We identified 4 schools that had water in their household tanks that had been distributed by reservoir A during the peak of the outbreak. Approximately 4,650 L of water collected from these tanks was filtered through 56 fluoropore membrane filters (Millipore Billerica, MA, USA). We retrieved 19 liters of water concentrated to 60 mL by centrifugation (600 × g 30 min 4°C). The membrane filters were divided into 3 equal sets. One set remained in Brazil (Universidade Estadual do Norte Fluminense Darcy Ribeiro) for bioassays in T. gondii–seronegative chickens and further genotyping. One set was sent to the US Department of Agriculture for bioassays in T. gondii–seronegative pigs and cats, and 1 was sent to the Centers for Disease Control and Prevention for PCR analysis. Chickens and pigs were fed with membrane filters and their serum samples tested by ELISA and or modified agglutination test (5) until seroconversion. The seropositive animal organs were examined for T. gondii (6). Control animals were fed with noncontaminated membrane filters. Water samples from the 4 schools' household tanks were positive for T. gondii by at least 1 assay method. Parasites were found in the lungs of mice injected with brain and heart tissue of seropositive chickens. Cats fed pig tissues shed T. gondii oocysts after 4–5 days.
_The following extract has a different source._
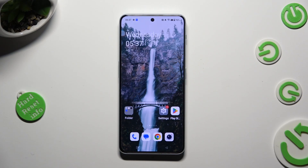Hi, in front of me is OnePlus Nord 3 5G and today I would like to show you how you can clean storage of this OnePlus.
Oocysts from cat feces were injected into mice, which died of acute toxoplasmosis. Viable T. gondii was recovered in mice after subpassage as verified by optical microscopy. The nested amplification of SAG 2 followed by restriction fragment length polymorphism identified type I T. gondii from chickens and pigs (7).
DNA extraction from fluoropore membranes was performed with the FastDNA extraction method (Qbiogene, Irvine, CA, USA), by using a procedure previously published (8), and PCR was performed on extracted DNA by using primers Toxo B22 and B23 (9). PCR from DNA extracted directly from the fluoropore membranes was tested blindly by 2 persons on 3 aliquots extracted individually from each membrane filter. The correct size fragment of 115 bp from B1 T. gondii gene was amplified from each DNA aliquot extracted from membranes used to process water from 3 of the implicated tanks.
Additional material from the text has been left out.